The records START
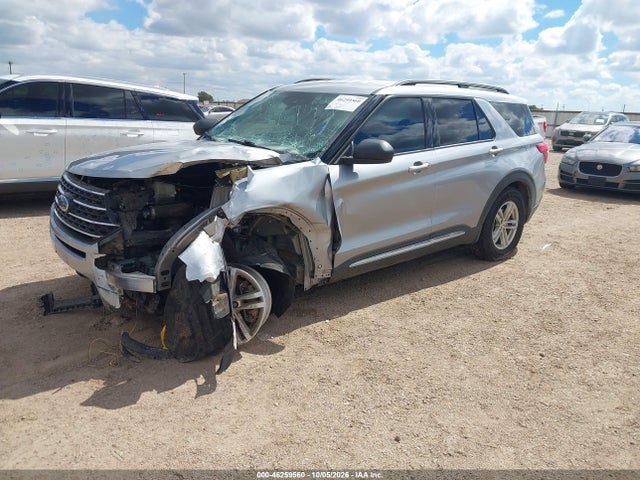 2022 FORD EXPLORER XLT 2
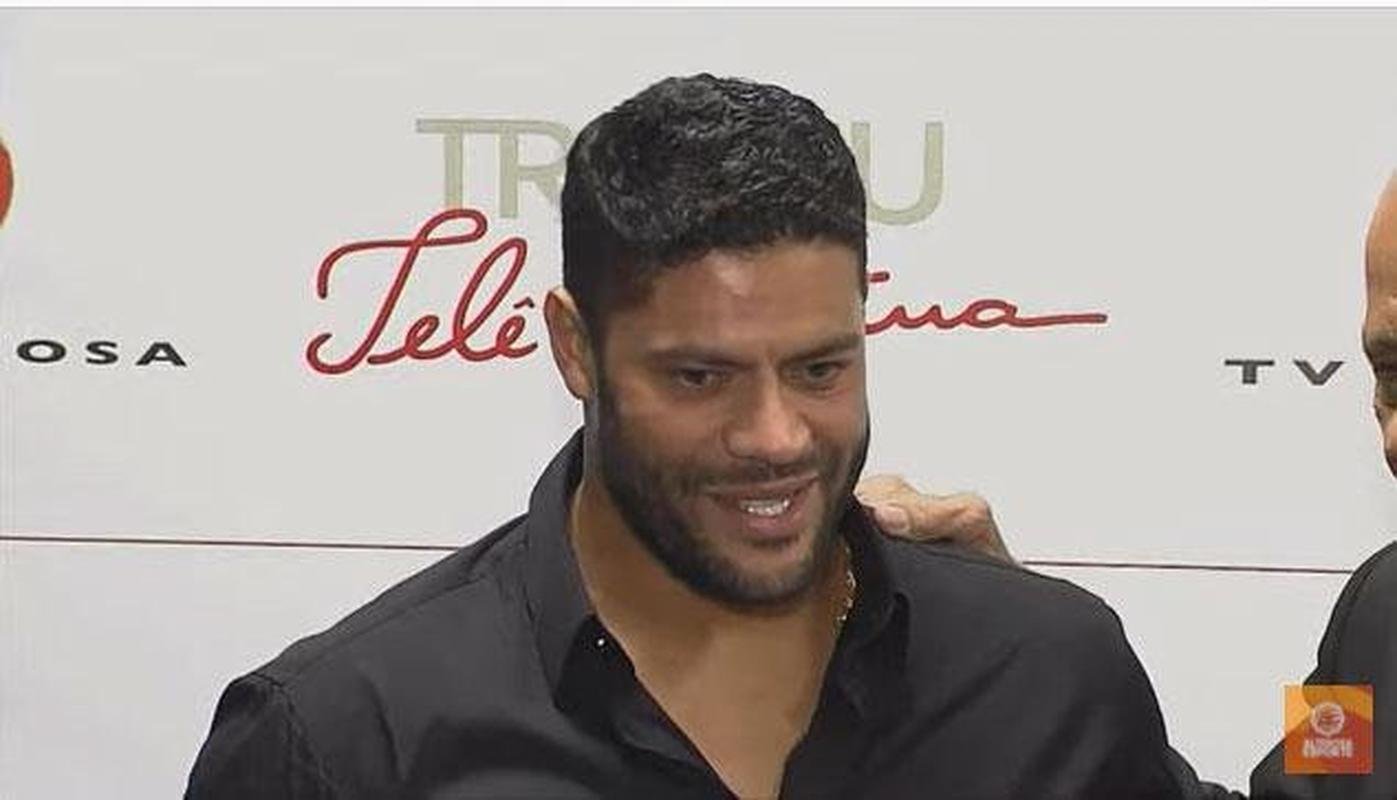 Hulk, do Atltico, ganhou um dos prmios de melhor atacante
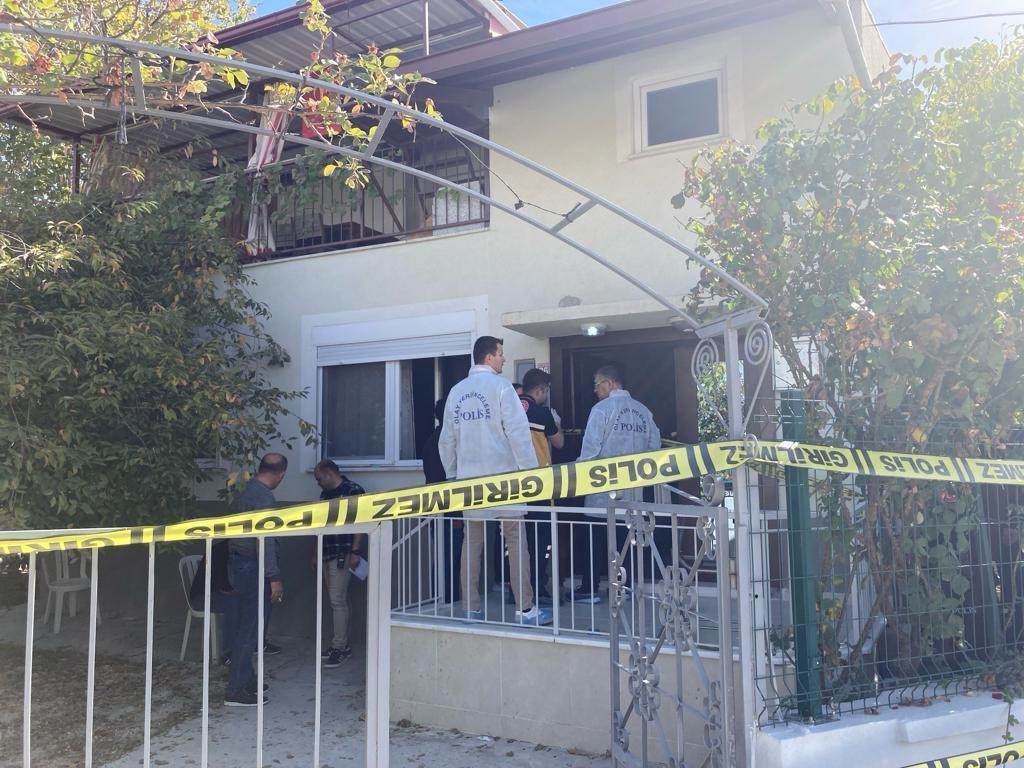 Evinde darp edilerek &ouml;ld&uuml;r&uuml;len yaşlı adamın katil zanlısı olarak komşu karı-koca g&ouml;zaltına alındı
The records END
The records START
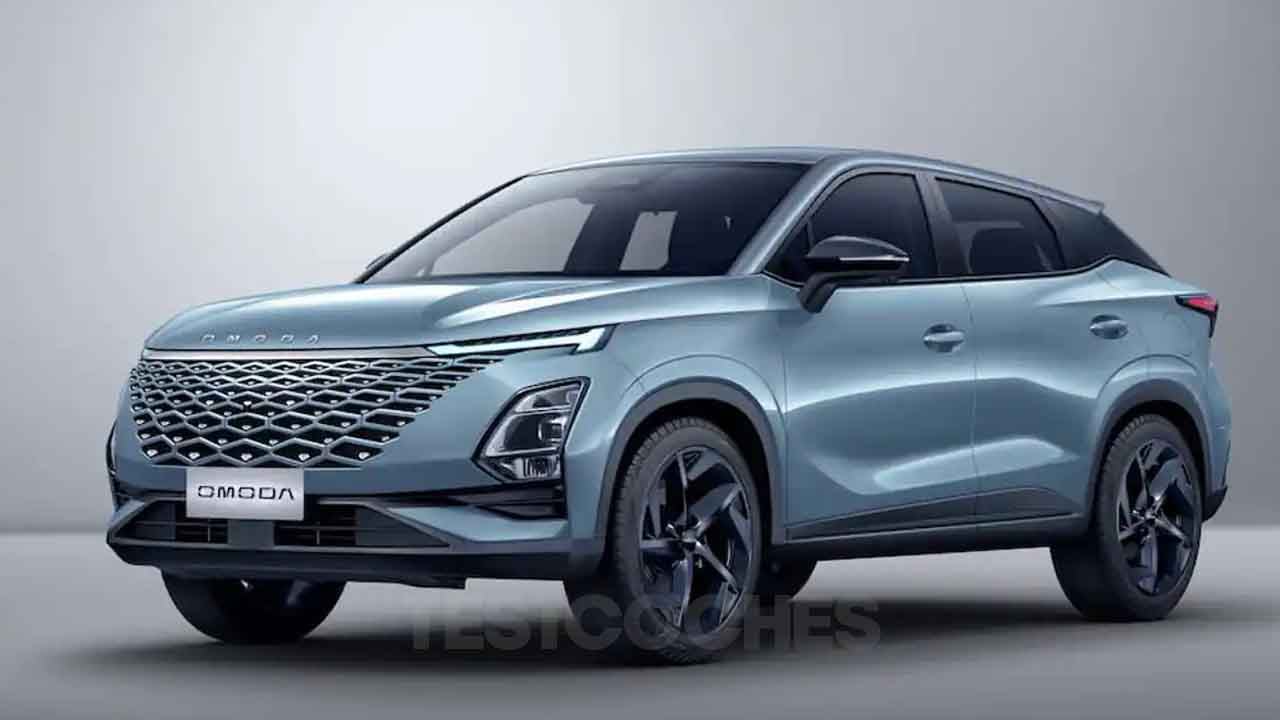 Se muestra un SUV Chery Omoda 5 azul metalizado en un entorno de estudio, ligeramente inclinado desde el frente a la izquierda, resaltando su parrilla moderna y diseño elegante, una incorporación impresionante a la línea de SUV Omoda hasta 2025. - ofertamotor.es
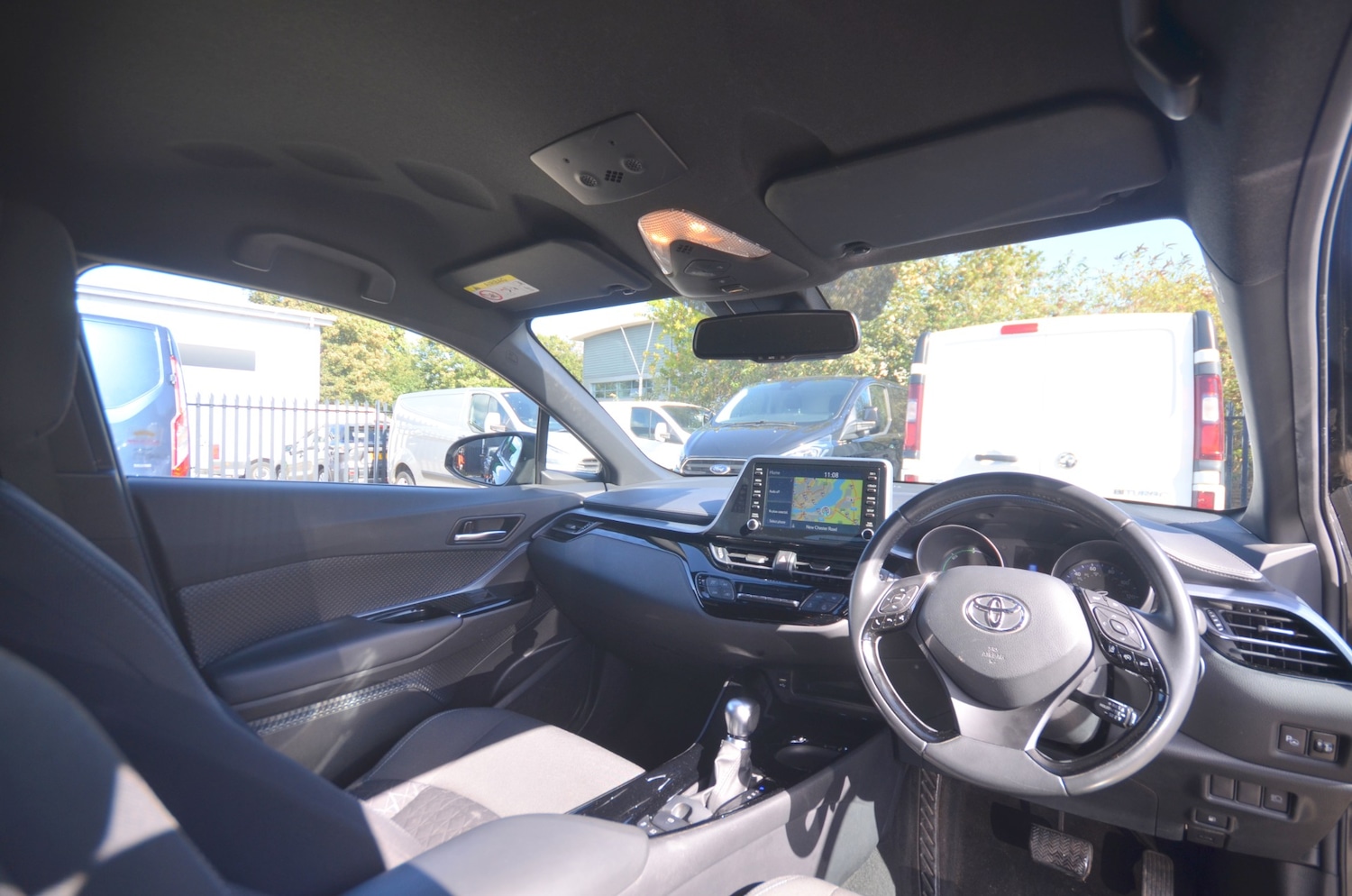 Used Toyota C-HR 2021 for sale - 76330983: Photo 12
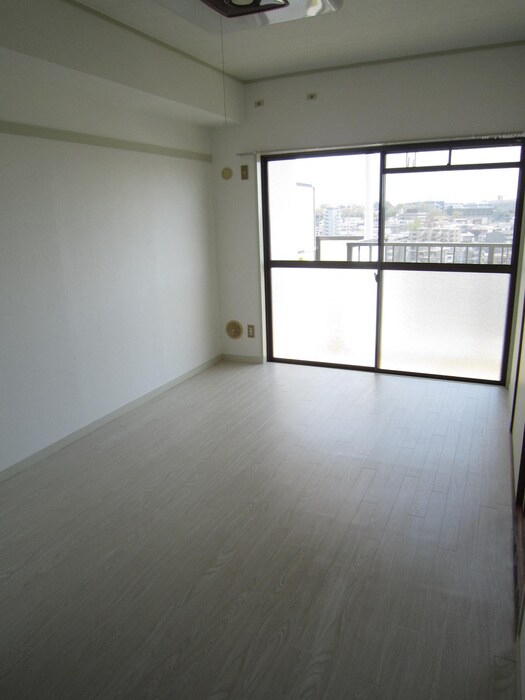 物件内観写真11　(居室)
The records END
Your task: Write out word for word the lines of the listing above from the line with "2022 FORD EXPLORER XLT 2" to the line with "Evinde darp edilerek", taking in both of those lines but no pictures.

Your response:
 2022 FORD EXPLORER XLT 2
 Hulk, do Atltico, ganhou um dos prmios de melhor atacante
 Evinde darp edilerek &ouml;ld&uuml;r&uuml;len yaşlı adamın katil zanlısı olarak komşu karı-koca g&ouml;zaltına alındı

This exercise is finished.